Enfin publié, le rapport d’évaluation de l’expérimentation de la "vidéoprotection algorithmique" plaide en creux pour remettre le métier sur l’ouvrage. Le document fait état d’un "bilan contrasté", qui tient notamment aux conditions d’expérimentation du dispositif. En somme, trop tôt, trop court, sur un périmètre trop encadré et trop restreint, au cours d’un événement finalement peu approprié. Les auteurs du rapport font néanmoins état d’un "intérêt réel" de la solution, que le gouvernement entend à nouveau tester.

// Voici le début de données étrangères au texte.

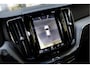 Volvo XC60 2.0 B5 AWD | Inscription PlusLine | Panoramadak | Wegklapbare Trekhaak | 20" LM Velgen | Luchtvering | IntelliSafe Pro Line + Surround | Stoelverwarming & Ventilatie | Harman Kardon |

Le rapport tant attendu du comité d’évaluation de l’expérimentation de traitements algorithmiques d’images de vidéoprotection – conduite par la préfecture de police de Paris, la SNCF, la RATP et la ville de Cannes – a enfin été publié, ce 7 février, par le ministère de l’Intérieur. Ses principales conclusions ont déjà été largement dévoilées (voir notre article du 20 janvier). Elles font état d’un "bilan contrasté" sur le plan opérationnel, que l’on pourrait toutefois qualifier d’encourageant.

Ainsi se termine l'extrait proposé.